Collection entries
_ _ _ _

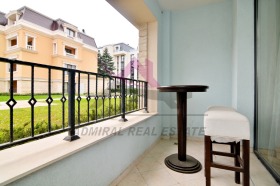 1 bedroom k.k. Sv.Sv. Konstantin i Elena, Varna 8
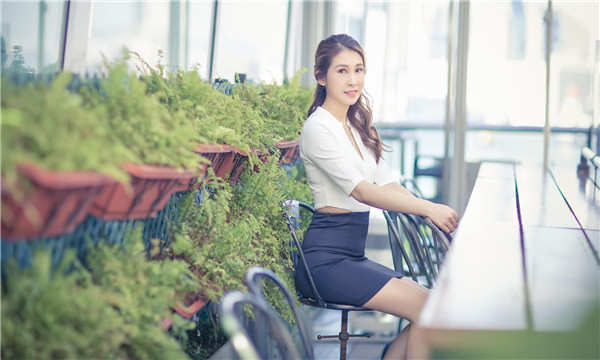 七星招聘女人生孩子,想找一个女性生孩子给报酬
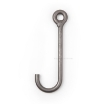 Picture of Standard Alloy J-Hooks Style B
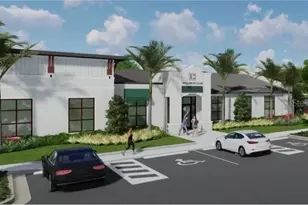 19116 Scallop Loop, Bradenton, FL 34211 - Photo 11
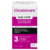 crema facial cicatricure age care reafirmante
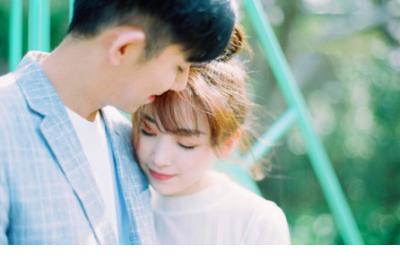 简短而很有深度的短句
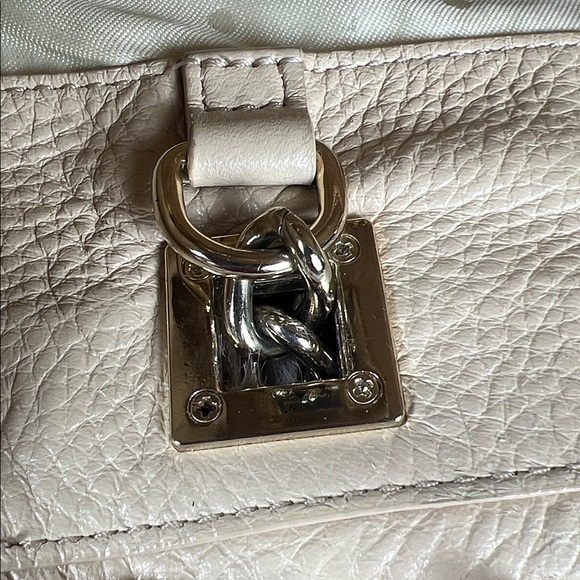 Kate Spade Tan Tote Bag - Picture 13 of 17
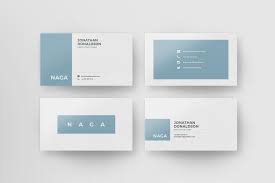 Naga Business Card Template Graphic Design Business Card Business Cards Creative Templates Business Card Design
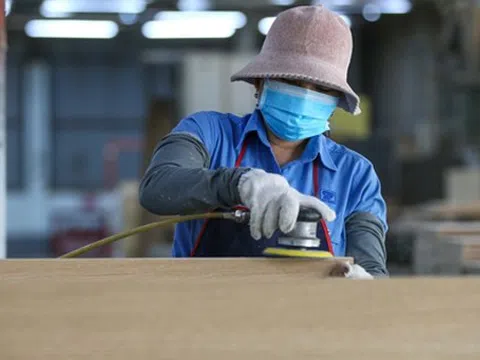 Cải cách thể chế mạnh hơn nữa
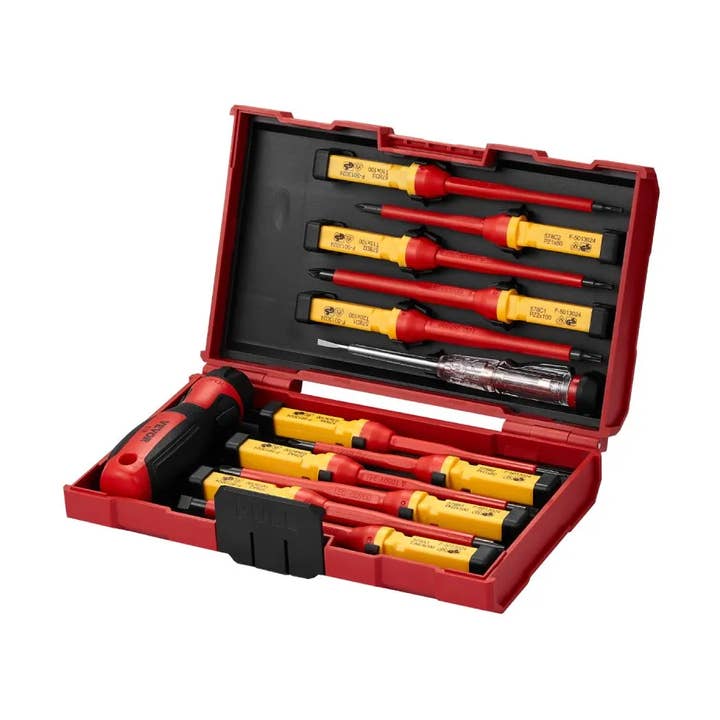 JYGJTZKHTJYLSJRIFV0 #1 för wholesale av VEVOR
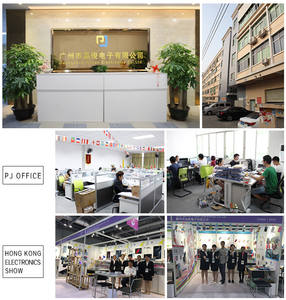 Incisione Laser OEM in legno bianco casse del telefono <span class=keywords><strong>nero</strong></span> ragazza <span class=keywords><strong>per</strong></span> <span class=keywords><strong>iPhone</strong></span> <span class=keywords><strong>11</strong></span> 12 13 14 15 Pro Max legno <span class=keywords><strong>cover</strong></span> del telefono - Product Image 5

_ _ _ _

## [Problem statement]
In the answer, include exactly the lines from the one containing "Cải cách thể chế mạnh hơn nữa" through the end of the records above and no pictures at all.

## [Response to the task]
 Cải cách thể chế mạnh hơn nữa
 JYGJTZKHTJYLSJRIFV0 #1 för wholesale av VEVOR
 Incisione Laser OEM in legno bianco casse del telefono <span class=keywords><strong>nero</strong></span> ragazza <span class=keywords><strong>per</strong></span> <span class=keywords><strong>iPhone</strong></span> <span class=keywords><strong>11</strong></span> 12 13 14 15 Pro Max legno <span class=keywords><strong>cover</strong></span> del telefono - Product Image 5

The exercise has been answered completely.